Regular Expressions Syntax

Applies to TestComplete 14.40, last modified on April 22, 2021

Regular expressions are coded strings that define an infinite number of possible matches. You can use regular expressions to specify:

Furthermore, you can use regular expressions in scripts: scripting engines of JavaScript, JScript, Python, VBScript, C#Script and C++Script have native support for regular expressions, the support for DelphiScript is provided by HISUtils plugin (see Using Regular Expressions in Scripts).

Note: In this topic certain text fragments are marked with color. The following convention is used:

Regular expression pattern is highlighted with purple color.

Literal text to which the regular expression is applied is highlighted with olive color.
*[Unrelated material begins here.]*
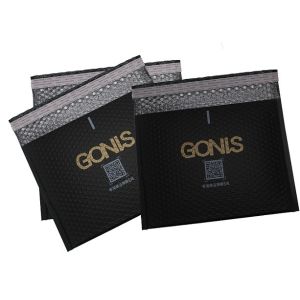 Buy cheap Matte Surface Recycled LDPE 4x8 Poly Bubble Lined Bags from wholesalers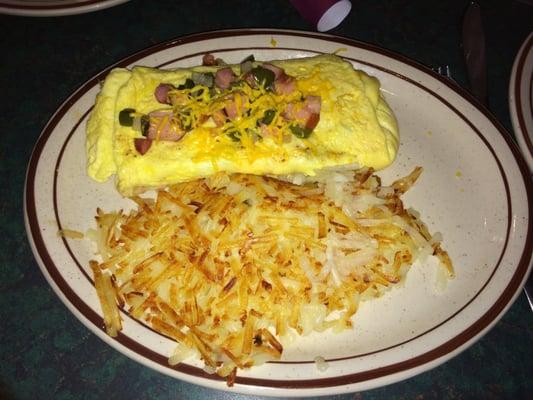 Western Omelet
Literal text that matches the regular expression is highlighted with teal color.

Regular Expression Tokens

The syntax of regular expression patterns that can be used in TestComplete may slightly differ, since the regular expression engines used in TestComplete are different. In the aqString.StrMatches, Find and some other methods, TestComplete uses its own non-native regular expressions. Native regular expressions use regular expression objects built into scripting language engines. For a list of tokens that are handled by various TestComplete features, follow the links below:

Tokens Used in Non-Native Regular Expressions (in Property Checkpoints, Dynamic Identifier Patterns, StrMatches and Find methods)

Tokens Used in Custom String Data Generator

Tokens Used in Native Regular Expressions (in Other Objects, Routines and Dialogs)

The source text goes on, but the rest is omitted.